No entiendo cómo la Conferencia Episcopal se opone a la memoria histórica con el argumento de que «abre heridas». Sin embargo, tiene desde hace años la terrible y peligrosa obsesión de promover beatificaciones y subir a los altares a los que ella denomina mártires de la guerra civil. Desgraciadamente, en una guerra civil siempre hay mártires y dolor en ambos lados. Cada uno lucha y muere o es asesinado por sus ideologías o sus creencias, y todas son legítimas mientras no atenten contra la vida y la libertad del ser humano. Una guerra civil es compleja, en ella afloran odios y cuestiones personales. El sufrimiento y el dolor, en una guerra entre hermanos, no es patrimonio de nadie.

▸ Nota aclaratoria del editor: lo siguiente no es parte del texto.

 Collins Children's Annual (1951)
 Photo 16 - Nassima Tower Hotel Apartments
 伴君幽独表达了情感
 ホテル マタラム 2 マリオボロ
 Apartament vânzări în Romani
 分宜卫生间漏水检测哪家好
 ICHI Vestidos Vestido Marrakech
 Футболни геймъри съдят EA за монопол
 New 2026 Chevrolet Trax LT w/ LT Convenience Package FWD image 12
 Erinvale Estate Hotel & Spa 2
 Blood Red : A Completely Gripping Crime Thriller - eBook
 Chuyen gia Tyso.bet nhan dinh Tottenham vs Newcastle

No entiendo, porque no es cierto, que la Conferencia Episcopal incluya a «toda la sociedad» en estas beatificaciones, «como una gracia de bendición y de paz», cuando hay una sociedad a la que niega su legitima memoria. En realidad, solo señala a su particular y propia sociedad porque incluso no todos los miembros de la Iglesia están de acuerdo con esta política.

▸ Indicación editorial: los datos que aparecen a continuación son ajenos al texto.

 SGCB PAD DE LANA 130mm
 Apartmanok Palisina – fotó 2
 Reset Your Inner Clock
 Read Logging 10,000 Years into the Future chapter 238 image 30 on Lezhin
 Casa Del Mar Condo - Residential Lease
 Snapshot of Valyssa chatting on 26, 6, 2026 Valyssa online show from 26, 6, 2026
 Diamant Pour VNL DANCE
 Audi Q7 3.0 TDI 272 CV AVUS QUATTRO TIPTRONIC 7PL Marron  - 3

Entre mis manos tiembla una copia de la carta de despedida a su familia del rector Peset, escrita desde la cárcel Modelo de Valencia en 1941, antes de su fusilamiento por mandato de aquel general que entraba en la iglesia bajo palio. Entre otras cosas dice a sus hijos: «Sustituidme ya que el destino me ha elegido como instrumento de su injusto dolor. Confío, seguro en Dios, en que algún día mi patria os devolverá mi nombre como el de un ciudadano que jamás hizo más que servirla cumpliendo sus deberes legales. Todavía un consejo: amad al prójimo y respetaos a vosotros mismos. Procurarlo con sinceridad es, ya, ser humanamente buenos y sólo conseguirlo es, además ser felices». Y termina: «Perdonad a todos como yo espero ser perdonado». A modo de postdata escribe: «Anita mía, siento tu dolor que evitaría si ello pudiera ser multiplicado por mil el mío. Voy a buscar a mi madre».

¿Se le ha pasado por la cabeza a la Conferencia Episcopal canonizar a este mártir de la guerra? Y yo tengo setenta años y ya no me callo.